# [WHAT YOU WILL DO]
Retype exactly the lines that run from the start of the data to the line holding "Metal Smidesjärn Butterfly", including both, and only those.

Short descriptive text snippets
──────────────────────────────

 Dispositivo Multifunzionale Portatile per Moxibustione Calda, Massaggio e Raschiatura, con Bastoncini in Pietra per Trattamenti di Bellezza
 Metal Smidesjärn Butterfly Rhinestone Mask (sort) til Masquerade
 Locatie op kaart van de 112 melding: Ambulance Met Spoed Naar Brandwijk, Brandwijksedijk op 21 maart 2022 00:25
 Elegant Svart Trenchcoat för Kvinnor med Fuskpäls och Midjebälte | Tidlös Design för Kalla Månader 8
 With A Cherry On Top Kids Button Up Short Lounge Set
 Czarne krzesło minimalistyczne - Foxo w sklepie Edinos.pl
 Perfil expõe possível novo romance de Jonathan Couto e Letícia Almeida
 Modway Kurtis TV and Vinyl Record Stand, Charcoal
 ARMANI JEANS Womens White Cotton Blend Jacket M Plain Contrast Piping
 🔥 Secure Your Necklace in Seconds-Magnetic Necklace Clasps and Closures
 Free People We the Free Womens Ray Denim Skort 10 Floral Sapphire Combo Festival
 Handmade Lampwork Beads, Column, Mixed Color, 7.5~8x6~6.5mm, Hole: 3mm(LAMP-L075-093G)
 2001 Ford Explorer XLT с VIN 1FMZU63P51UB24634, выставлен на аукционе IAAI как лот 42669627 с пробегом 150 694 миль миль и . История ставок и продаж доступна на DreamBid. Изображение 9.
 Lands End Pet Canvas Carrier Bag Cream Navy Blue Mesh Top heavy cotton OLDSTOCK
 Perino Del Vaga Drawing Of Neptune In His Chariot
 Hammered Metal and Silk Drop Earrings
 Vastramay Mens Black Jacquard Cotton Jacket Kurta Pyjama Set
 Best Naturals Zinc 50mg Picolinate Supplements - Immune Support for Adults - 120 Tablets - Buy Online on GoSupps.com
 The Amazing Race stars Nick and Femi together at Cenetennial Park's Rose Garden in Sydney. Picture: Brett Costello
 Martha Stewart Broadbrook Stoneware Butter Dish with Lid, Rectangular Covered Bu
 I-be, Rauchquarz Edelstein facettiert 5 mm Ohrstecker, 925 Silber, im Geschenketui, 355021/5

──────────────────────────────

# [YOUR RESPONSE]
 Dispositivo Multifunzionale Portatile per Moxibustione Calda, Massaggio e Raschiatura, con Bastoncini in Pietra per Trattamenti di Bellezza
 Metal Smidesjärn Butterfly Rhinestone Mask (sort) til Masquerade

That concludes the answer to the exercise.